Turunnya Roh Kudus ke atas Yesus bukan saja menandakan bahwa dia diurapi oleh Roh Allah, menjadi sang Mesias, tetapi juga suatu peristiwa pelantikan Yesus sebagai Anak Allah, sebagai sang Mesias pilihan Allah yang Allah kasihi dan yang kepadanya Allah berkenan, yang ditugaskan untuk “menyatakan hukum kepada bangsa-bangsa” (Yesaya 42:1; bdk. Mazmur 2:1), yakni Taurat yang baru, yaitu seluruh ajaran dan amanat Yesus yang ditulis dalam Injil Matius, yang disarikan sebagai Hukum Kasih (Matius 22:37-39). Komunitas Kristen Ebion menafsirkan pembaptisan Yesus sebagai saat Allah mengadopsi atau mengangkat Yesus menjadi Anak Allah dengan membuat Allah mengutarakan kata-kata ini kepada Yesus: “Hari ini Aku menjadi Bapamu” (Injil Orang Ebion 4:4).

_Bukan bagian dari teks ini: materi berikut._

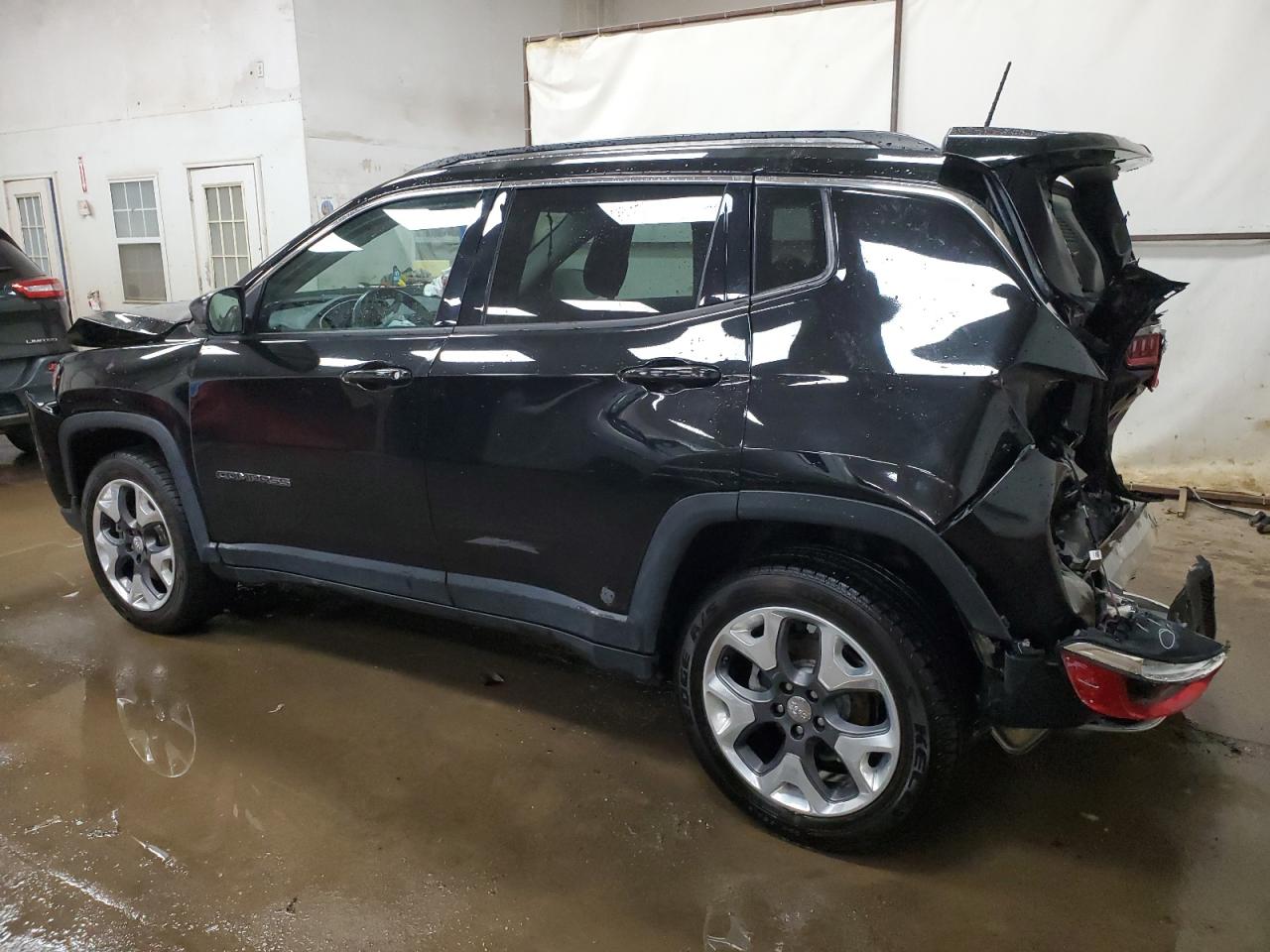 3C4NJDCB9KT843157 2019 JEEP COMPASS - Image 2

Nah, terlihat sudah bahwa Matius 3:13-17 sama sekali tidak memuat rujukan kepada tritunggal ilahi yang dipercaya kekristenan ortodoks beberapa abad sesudah penulisan Injil Matius (80-85 M). Jadi, adalah suatu kesalahan eksegetis yang besar jika orang Kristen memperlakukan perikop Matius ini sebagai suatu landasan skriptural untuk membenarkan atau mendukung doktrin trinitarian Kristen.